= Hurtgen Forest (wargame) =

Board wargame

Hurtgen Forest, subtitled "Approach to the Roer, November 1944 ", is a board wargame published by Simulations Publications Inc. (SPI) in 1976 that simulates the Battle of Hürtgen Forest during the final year of World War II. The game was originally published by SPI as part of a four-game collection (a "quadrigame") titled Westwall: Four Battles to Germany, but it was also released as an individual "folio game." While the quadrigame Westwall received good reviews from critics, the static nature of Hurtgen Forest was less well received.

==Background==
In September 1944, American forces launched an offensive in the Huertgen forest near the German border. The Germans put up a dogged defense from their well-prepared Westwall (called the Siegfried Line by the Allies), and succeeded in stalling several major attacks by American attacks. The battle lasted from early September 1944 until the start of the German surprise offensive in late December 1944 now known as the Battle of the Bulge.

==Description==
Hurtgen Forest is a two-player game in which one player controls American attackers, and the other controls German defenders. The game is relatively simple, with only 100 counters, a small map and straightforward rules.

===Gameplay===
A common set of rules was created for all four games in the Westwall gamebox, a revision of the games system developed for the previously published quadrigame Modern Battles. Each turn, which represents 12 hours of game time, consists of five phases:
- Both players: Special Weapons Fire
- American Movement
- American Combat
- German Movement
- German Combat
In addition to the quadrigame rules, Hurtgen Forest also has some rules developed specifically for its scenario.

==Publication history==
In 1975, SPI published their first "quadrigame", Blue and Gray, a set of four American Civil War battles. The format proved very popular, and SPI quickly produced more quadrigames, one of them being Westwall, published in 1976 that included Hurtgen Forest, a game designed by Kip Allen, Howard Barasch and Redmond A. Simonsen. Westwall initially sold well, rising to #6 on SPI's Top Ten Bestselling Games list after its release, and staying in the Top Ten for six months.

All four Westwall games, including Hurtgen Forest, were also released individually, packaged as "folio games" (games enclosed in a cardstock folio.)

==Reception==
In the 1977 book The Comprehensive Guide to Board Wargaming, Charles Vasey reviewed Hurtgen Forest and called it "Rather boring."

In The Best of Board Wargaming, Nick Palmer called Hurtgen Forest "A drab game with acres and acres of rough terrain and only a few feasible avenues of approach." Palmer gave it a very poor Excitement Grade of only 20%.
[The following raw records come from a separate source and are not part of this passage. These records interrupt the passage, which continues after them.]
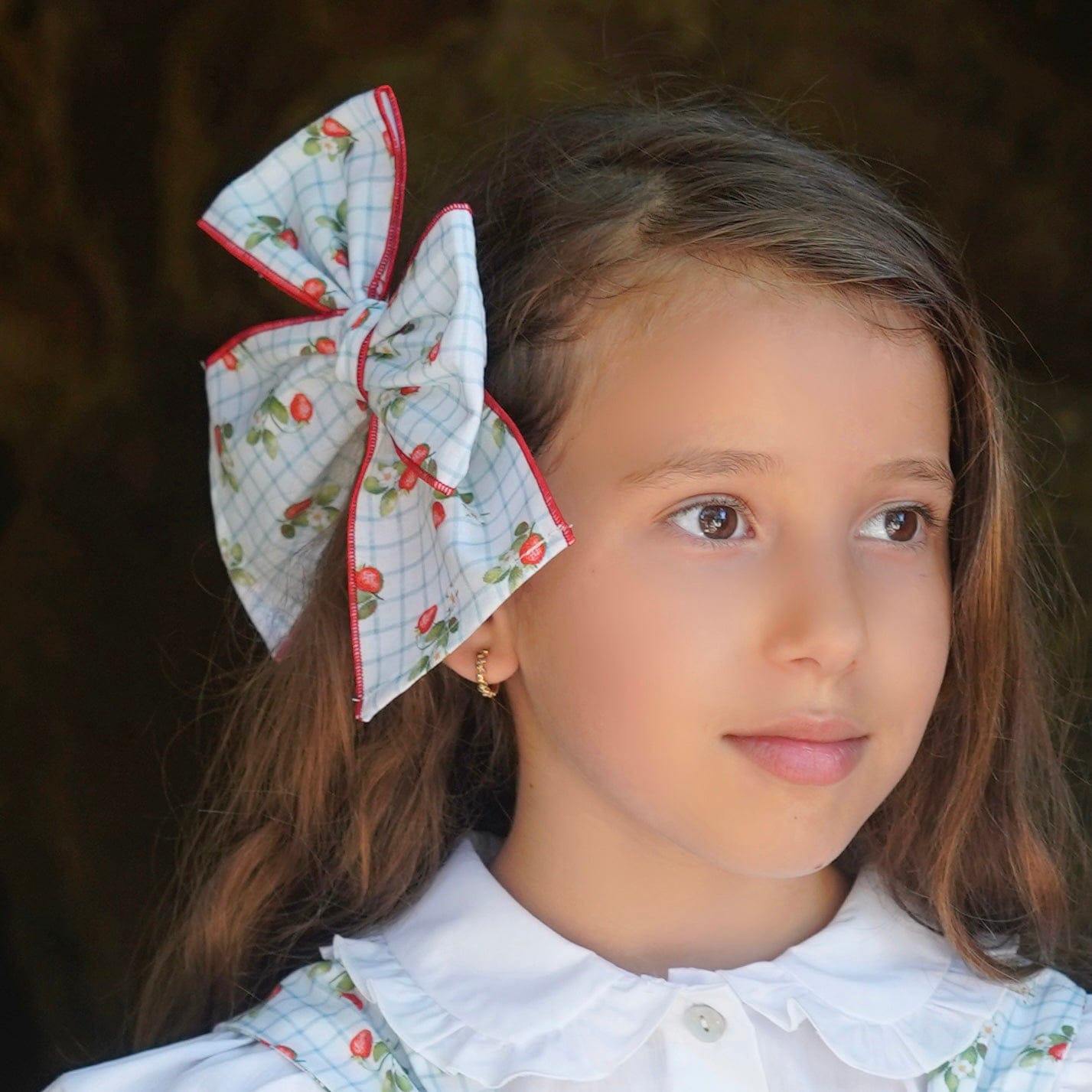 BABINE - Strawberry  Bow - Blue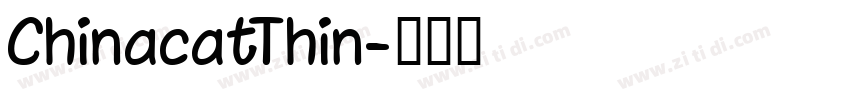 ChinacatThin字体转换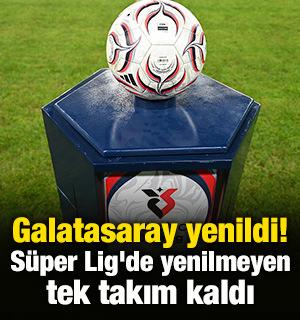 Galatasaray yenildi! S&uuml;per Lig'de yenilmeyen tek takım kaldı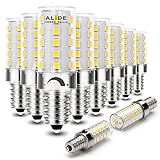 ALIDE E12 4000K Dimmable LED Light Bulb 5W,Replace 40W E12 Halogen Equivalent,T6 Base 120V E12 C7 LED Candelabra Bulbs Natural White for Pendant Chandelier Lighting,450lm,10Pack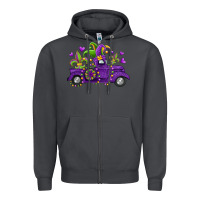 Smoke mardi gras truck Zipper Hoodie - Jasminsmagicworld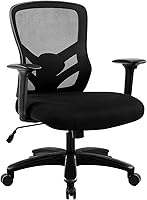 Vista 8 de YFO Big and Tall Office Chair 500LBS - Computer Desk Chair with Adjustable Lumbar Support, Heavy Duty Ergonomic Mesh with 360 Rotation 4D Arm and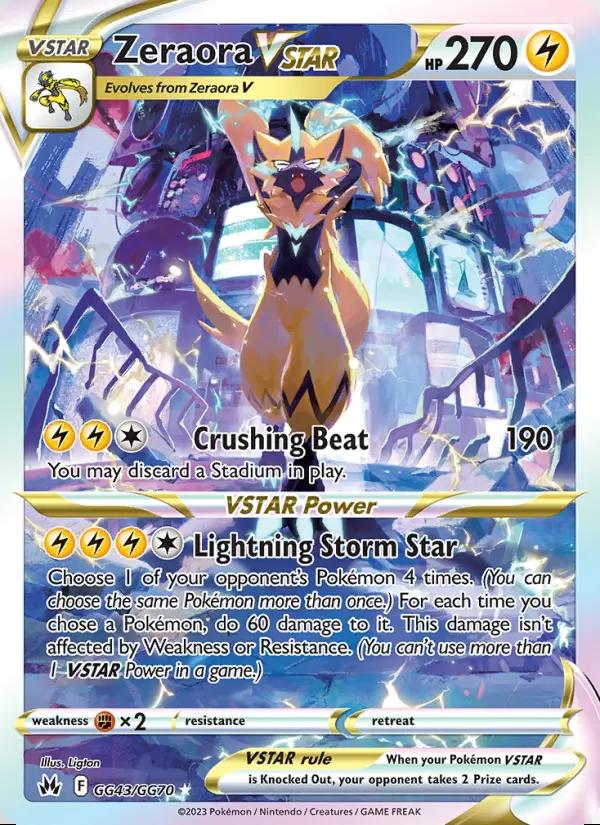 Image of Zeraora VSTAR Crown Zenith (CRZ) #GG43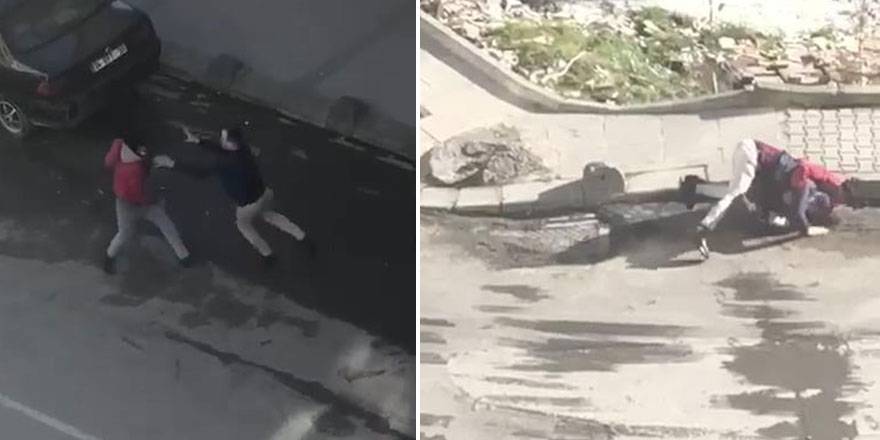 Arnavutköy'de önce kavga ettiler sonra sarıldılar!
In Issue 6 of the UK wargaming magazine Phoenix, Jeff Parker noted that Hurtgen Forest accurately portrayed the tenacious German defense, saying, "Given two competent players the game will faithfully recreate the creeping progress of the Americans, but it is rather like playing a game of chess with nothing but pawns."

In the October 1976 issue of Airfix Magazine, the only compliment Bruce Quarrie had for the static battle in Hurtgen Forest was that the game was "Fairly balanced."